The listing below holds a line with "Mk mini ava sling bag preloved" and a later line with "Teenager Russian girl". Write out those two lines and every line between them, exactly, and nothing else.
═════ Data for the task
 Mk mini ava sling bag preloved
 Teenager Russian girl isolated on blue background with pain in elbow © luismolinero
══════════
═════ Data for the task
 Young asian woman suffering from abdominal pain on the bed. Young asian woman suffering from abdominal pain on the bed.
══════════
## Solution to this problem
 Mk mini ava sling bag preloved
 Teenager Russian girl isolated on blue background with pain in elbow © luismolinero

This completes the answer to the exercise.